Often times in personal and professional realms, people do not know the worth of what they have. From priceless paintings bought at yard sales to the recent over-valuation of many, many startup companies which are now struggling, knowing the true worth of the business you’ve built is a key component to keeping it thriving.
There are several ways you can determine that value of your business, and there are accountants and professional business valuation experts that can walk you through the process. But before you start paying a professional, it’s important to have an understanding and a baseline that you have determined on your own.
Discounted cash flow is the best method of valuation, and the most often used to come up with the “fair value” for a company. To describe it as simply as possible, because it is a deeply complex system, discounted cash flow tries to determine the value of a company right now, today, based on projections of how much money it is going to make in the future. This method of analysis says that a company is worth all of the cash that may be made for investors or owners in the future. The reason for the word “discounted” in this method is the belief that cash in the future is less valuable than cash in your pocket, right now.
From Investopedia: “For example, let’s say someone asked you to choose between receiving $100 today and receiving $100 in a year. Chances are you would take the money today, knowing that you could invest that $100 now and have more than $100 in a year’s time. If you turn that thinking on its head, you are saying that the amount that you’d have in one year is worth $100 dollars today – or the discounted value is $100. Make the same calculation for all the cash you expect a company to produce in the future and you have a good measure of the company’s value.”
This will vary from industry-to-industry, as physician’s offices and accounting firms are often placed at the value of one year of annual revenue, whereas software companies can be valued at up to five times the annual revenue.
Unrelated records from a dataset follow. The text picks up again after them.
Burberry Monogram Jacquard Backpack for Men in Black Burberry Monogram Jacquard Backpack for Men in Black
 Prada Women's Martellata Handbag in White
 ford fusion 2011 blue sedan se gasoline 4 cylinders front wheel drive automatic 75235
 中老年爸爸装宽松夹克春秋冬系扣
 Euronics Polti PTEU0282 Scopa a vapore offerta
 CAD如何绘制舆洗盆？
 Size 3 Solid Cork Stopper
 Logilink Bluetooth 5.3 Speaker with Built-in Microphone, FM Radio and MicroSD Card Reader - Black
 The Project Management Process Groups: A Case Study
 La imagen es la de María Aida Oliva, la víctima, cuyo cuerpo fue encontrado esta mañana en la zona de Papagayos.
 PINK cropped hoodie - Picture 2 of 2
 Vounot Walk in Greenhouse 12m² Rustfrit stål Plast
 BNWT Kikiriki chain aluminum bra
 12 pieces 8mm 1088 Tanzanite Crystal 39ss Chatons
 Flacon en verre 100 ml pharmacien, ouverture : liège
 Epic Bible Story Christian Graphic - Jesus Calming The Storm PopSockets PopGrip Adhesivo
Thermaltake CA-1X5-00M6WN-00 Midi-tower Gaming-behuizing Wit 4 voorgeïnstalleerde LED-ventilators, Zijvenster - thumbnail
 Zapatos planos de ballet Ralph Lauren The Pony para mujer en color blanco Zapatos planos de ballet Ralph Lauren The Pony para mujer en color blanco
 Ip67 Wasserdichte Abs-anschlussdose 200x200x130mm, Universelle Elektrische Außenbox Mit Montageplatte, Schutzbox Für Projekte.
Banks are valued at up to twenty five times the annual earnings. Since some of this is managed by the market, it is important to do some research to see what your discounted cash flow is compared to the valuation of similar businesses.
You can also use an asset-based approach to value your business, which would look at property, inventory, customer base, cash-on-hand, and the brand that you have built. Putting a dollar number on a brand is difficult, but often can be a big determining value. For example, a corner market bodega with no branding has very little value here, whereas a branded Italian market on the same corner where care has been taken to develop a typeface, logo, decor inside, a well-curated stock of goods (even if they are of the same inventory value of the bodega) that adhere to the brand identity, and a loyal customer base who associate this brand with quality, will have many of the same assets as the bodega grocer with a much higher valuation. Often, assets based accounting of business value is more useful to those that have more assets than revenue (i.e. real estate developers).